→ WHAT THIS TASK INVOLVES: The listing below should be printed in full and exactly, apart from its images.

→ STORED DATA:
______________________________

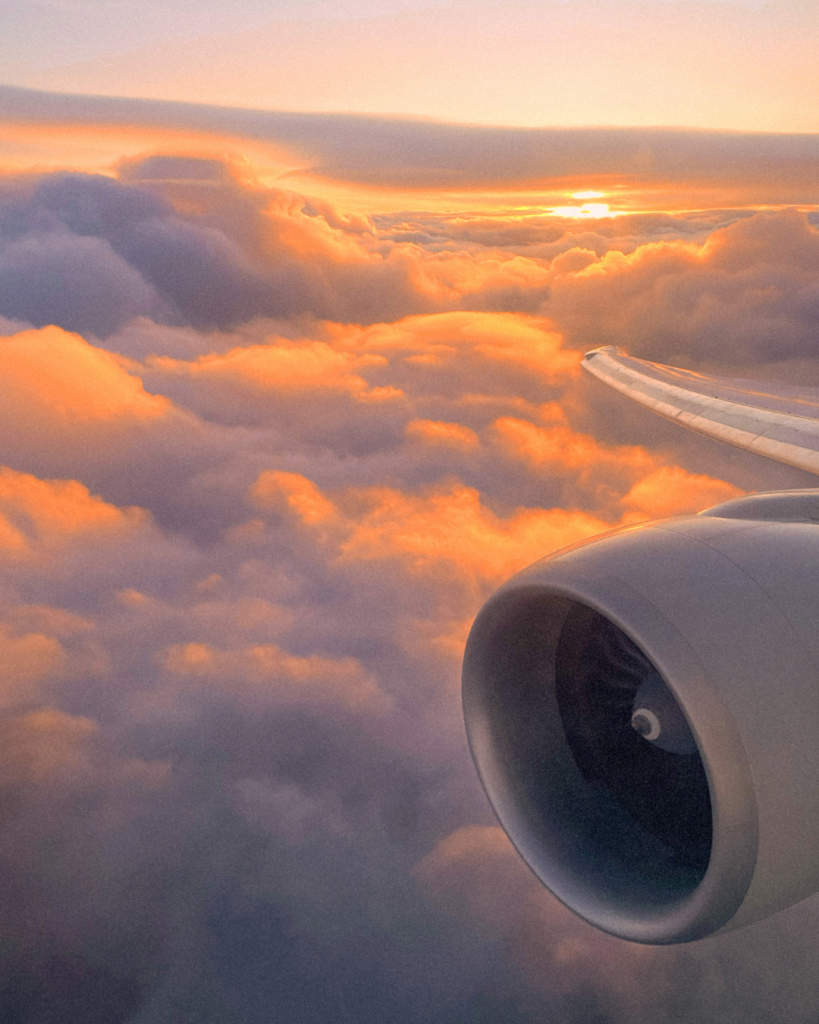 The Plane Movie Is Its Own Genre. Here's How to Pick One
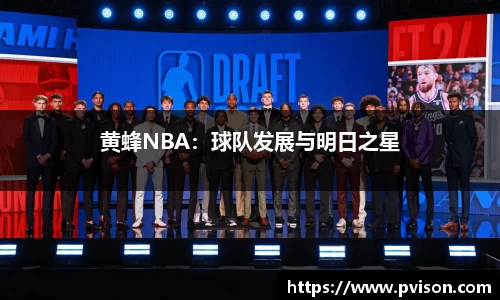 黄蜂NBA：球队发展与明日之星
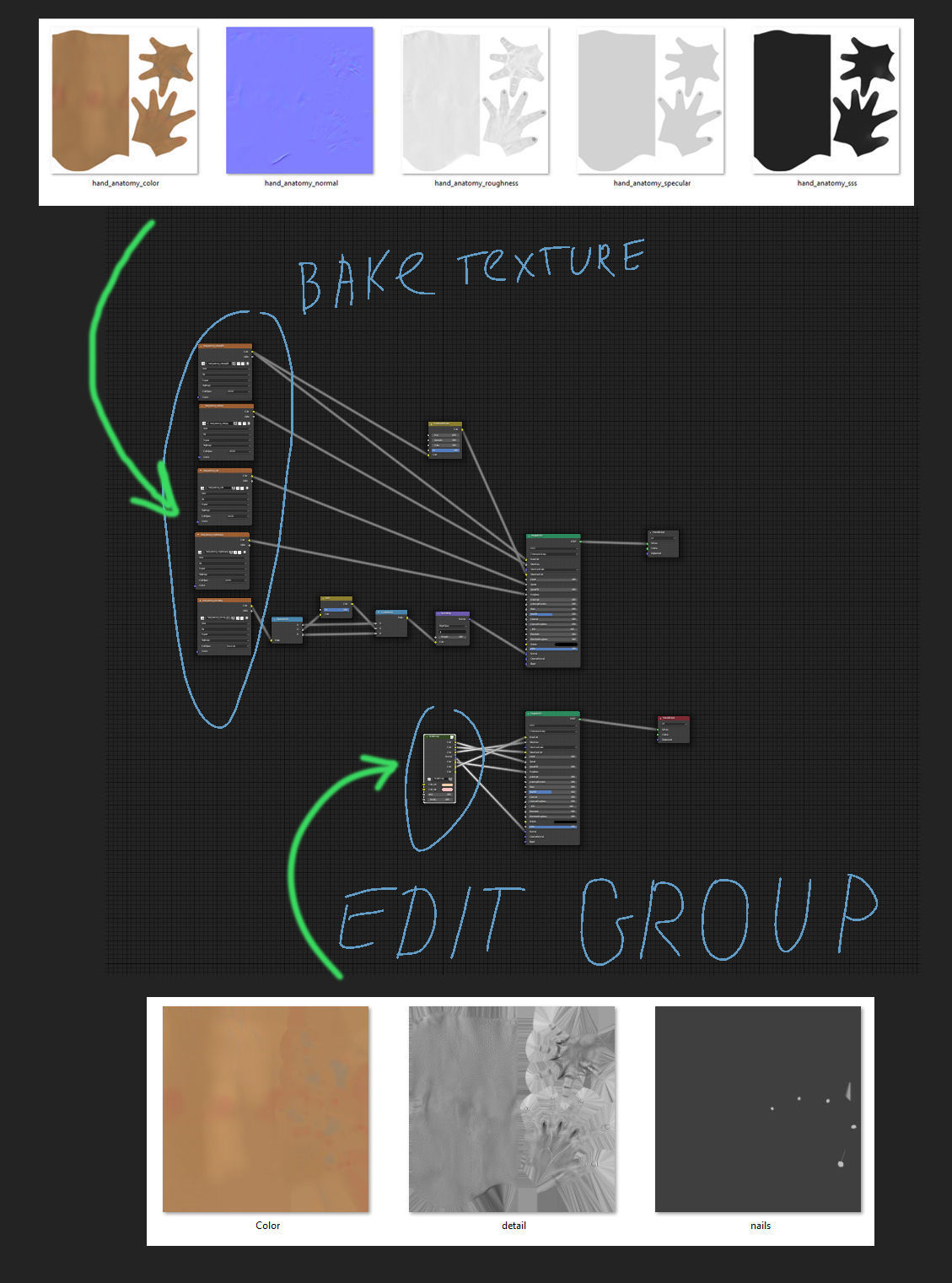 hand anatomy 3D model_27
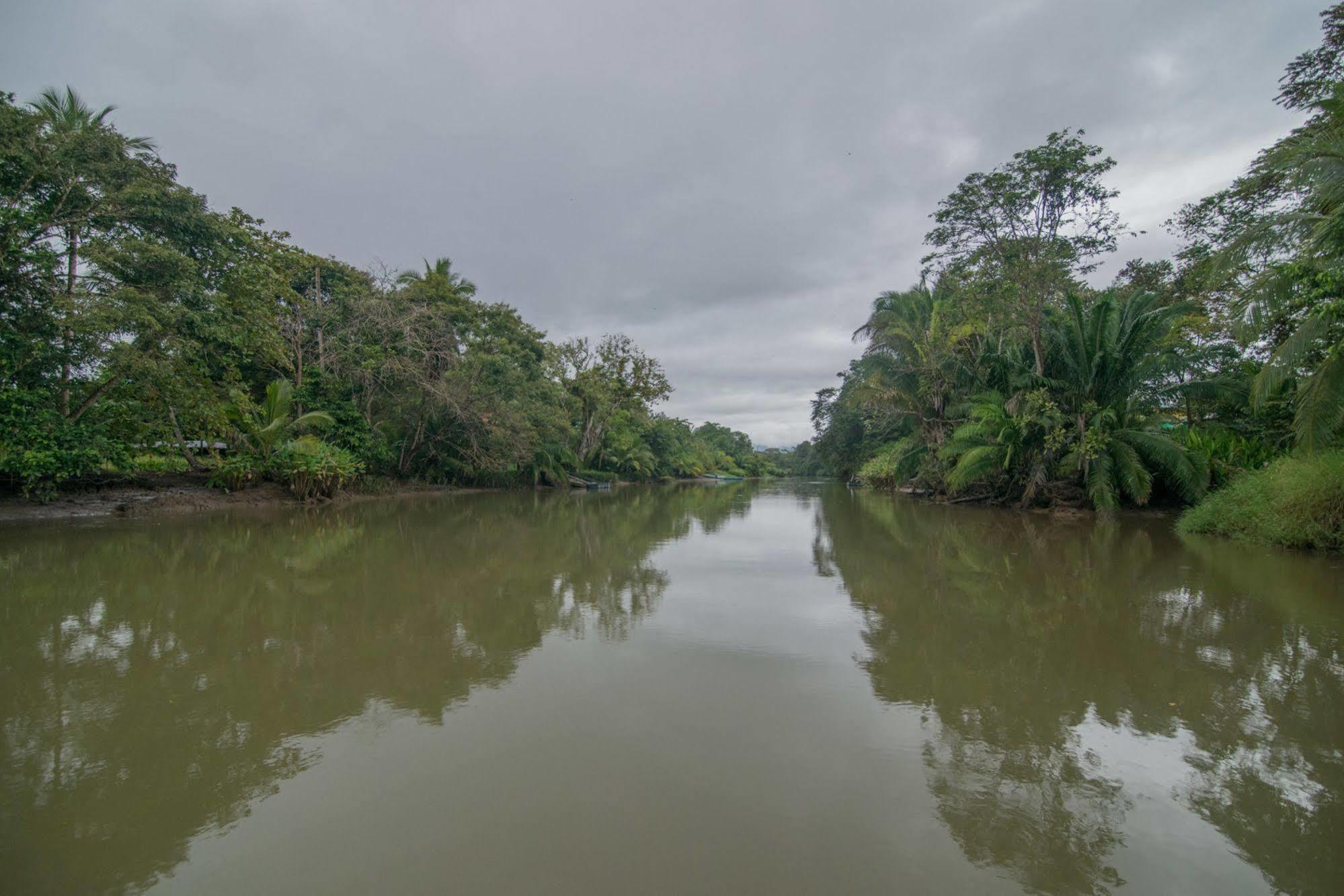 Hotel Sierpe River ภายนอก รูปภาพ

______________________________

→ ANSWER BELOW:
 The Plane Movie Is Its Own Genre. Here's How to Pick One
 黄蜂NBA：球队发展与明日之星
 hand anatomy 3D model_27
 Hotel Sierpe River ภายนอก รูปภาพ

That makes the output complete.